The locomotives of the Highland Railway were used by the Highland Railway to operate its lines in the north of Scotland. The Highland Railway locomotive works was at Lochgorm, Inverness. The works had been built about 1855 by the Inverness and Nairn Railway. The locomotive classes are listed under the names of the railway's Locomotive Superintendents.

==Locomotives==

===William Barclay 1855–69===

During Barclay's incumbency as locomotive superintendent various 2-2-2 and 2-4-0 locomotives were built, along with a solitary 0-4-0T. An 0-4-0ST was also inherited from the Findhorn Railway.
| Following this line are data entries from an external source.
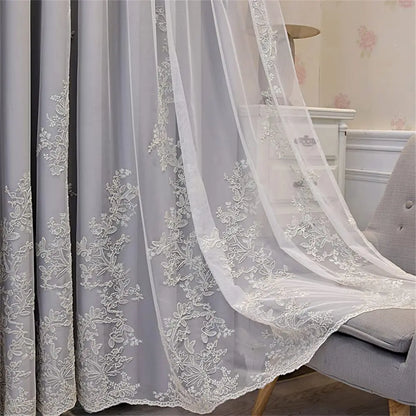 Luxury Beige Double Layer Embroidery Blackout Curtain for Bedroom Living Room European Delicate Sheer Plus Darkening Cloth Drape
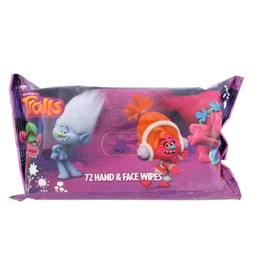 Drėgnos servetėlės veidui ir rankoms DreamWorks Trolls, 72 vnt, vaikams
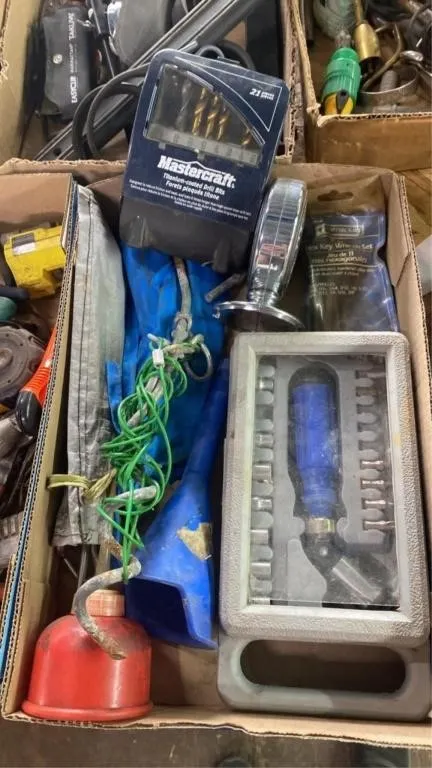 Drill bits, sockets, hex keys, funnels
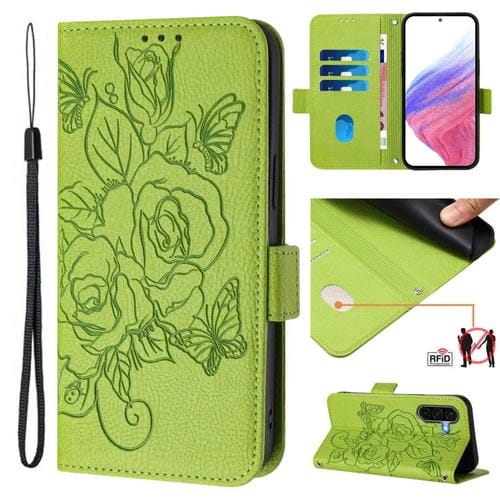 Funda de Cuero Antirrobo con Rfid para Samsung Galaxy A56 5G (Verde)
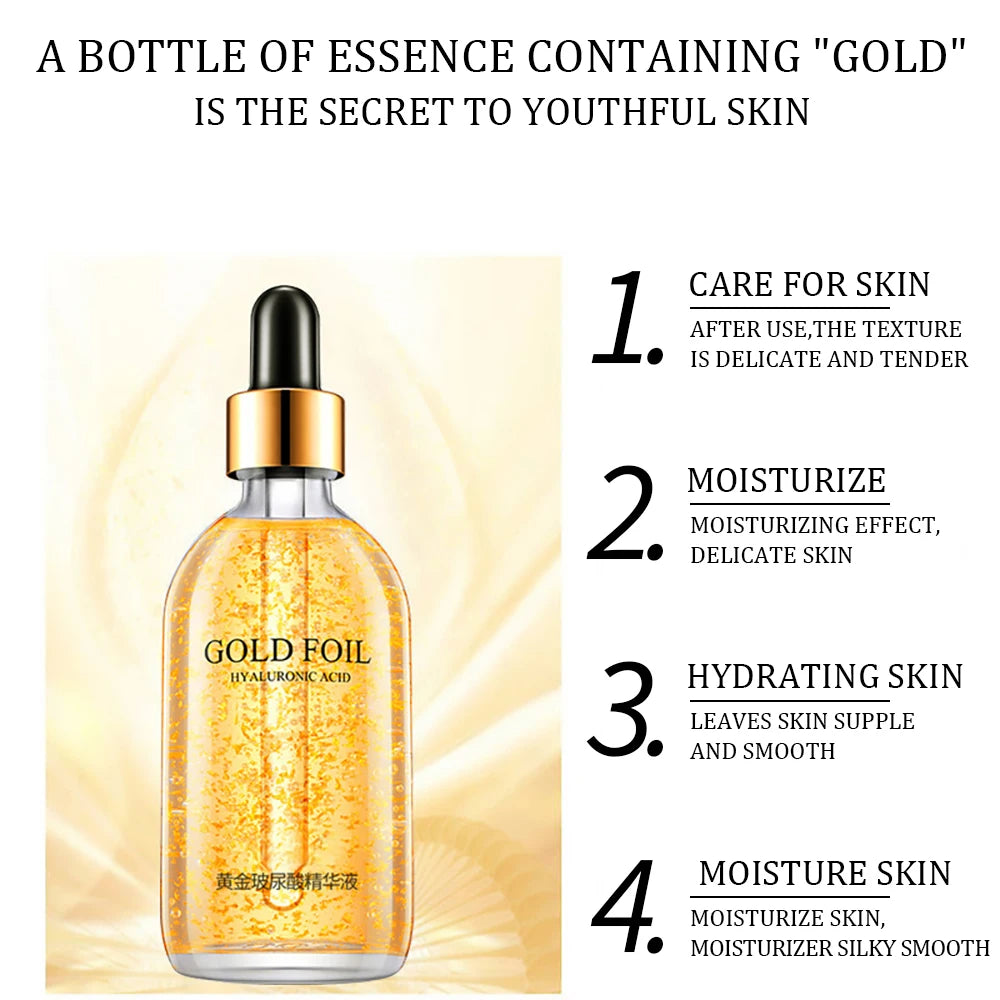 100 ml 24-Karat-Gold-Hyaluronsäure-Nicotinamid-Gesichtsserum – Anti-Aging-Gesichtsstraffung, Kollagen-Essenz, Hautpflege, Aufhellungsserum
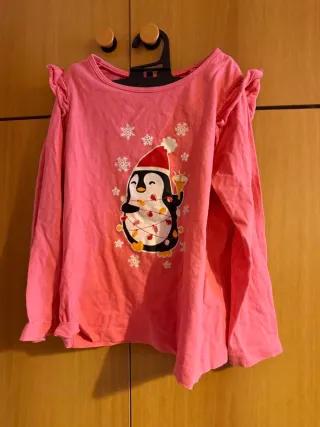 Maglietta bambina pinguino Natale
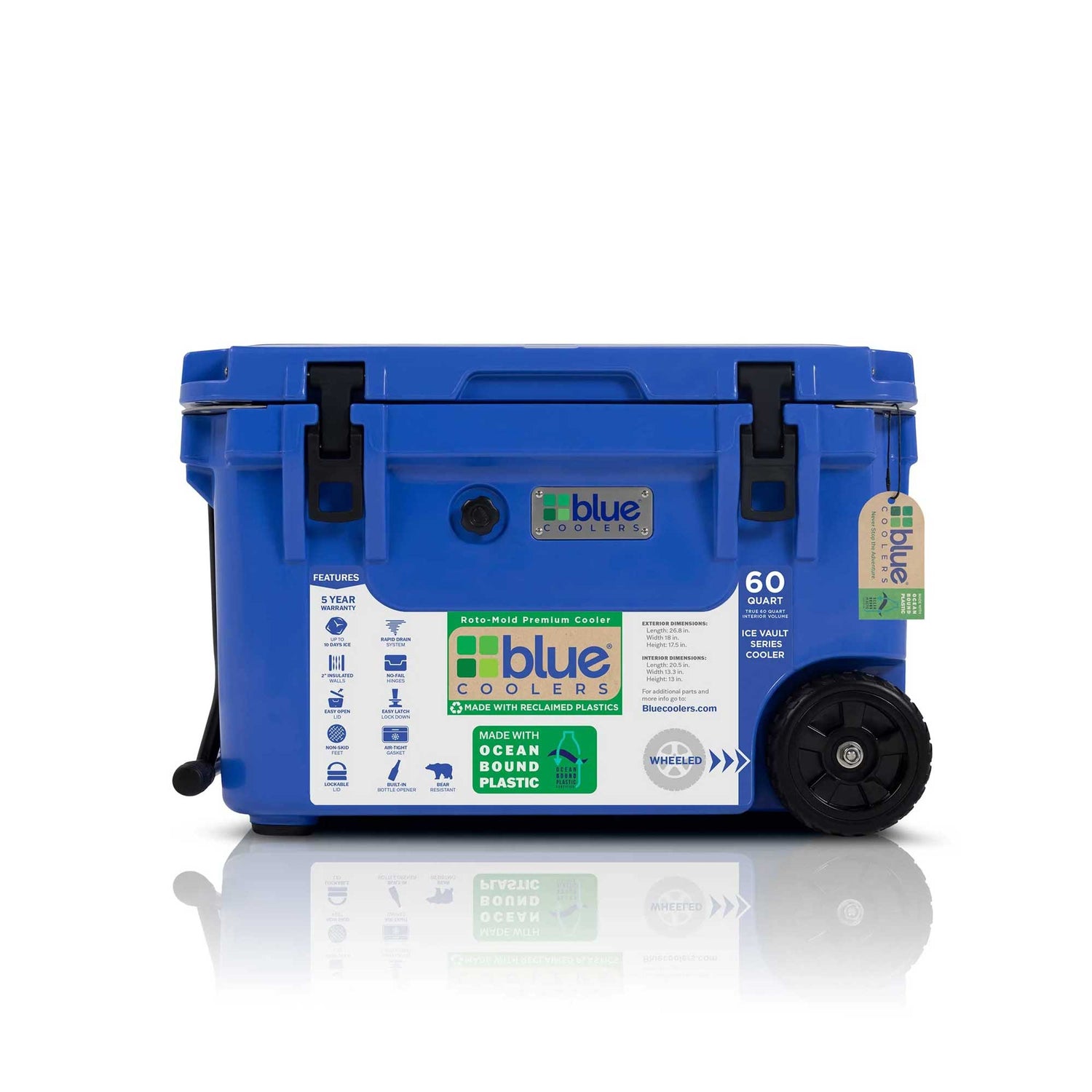 Ocean Bound Reclaimed Plastics 60 Quart Roto-Molded Cooler with Wheels
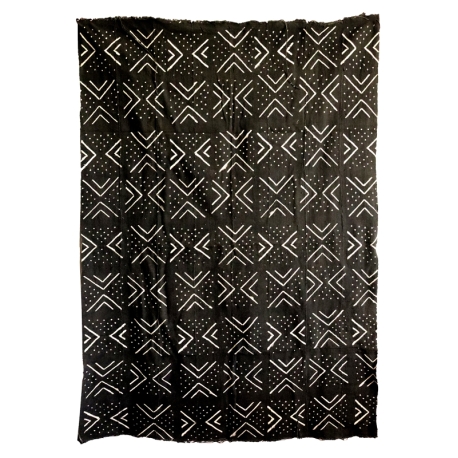 Grand bogolan noir et motifs blanc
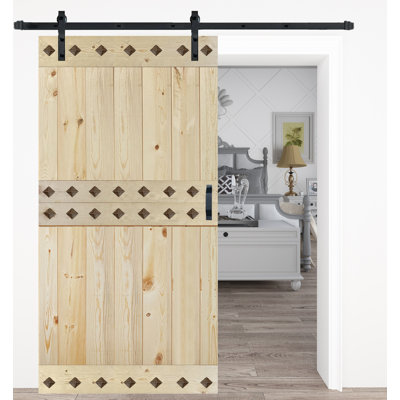 84'' Solid Wood Paneled Matte without Installation Hardware Kit Barn Door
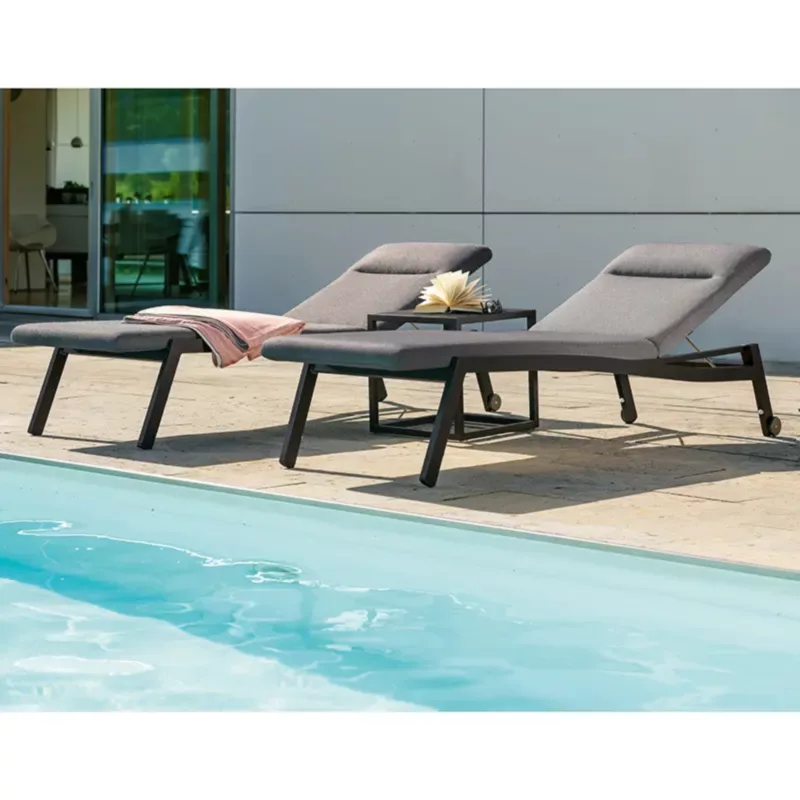 ALLROUND Outdoor Rollenliege gepolstert schwarz-matt/seidenschwarz by STERN® – Bild 4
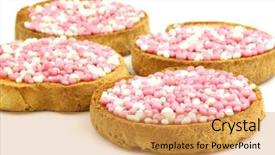 Presentation with pink white - Beautiful presentation theme featuring rusks with white and pink anise seed sprinkles served in holland when a baby girl is born on a white background backdrop and a yellow colored foreground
Many of Barclay's locomotives would later be rebuilt by Stroudley or Jones - most of the 2-2-2s ended up as 2-4-0s and one became a 2-2-2T, a pair of 2-4-0s became 4-4-0s and the 0-4-0T became an 0-4-2T. Only 4 much rebuilt Barclay locomotives (all 2-4-0s) were still in stock at the time of the Grouping.

===William Stroudley 1865–69===
William Stroudley produced only one new design, an 0-6-0ST of which 3 were built. These survived to pass into LMS ownership.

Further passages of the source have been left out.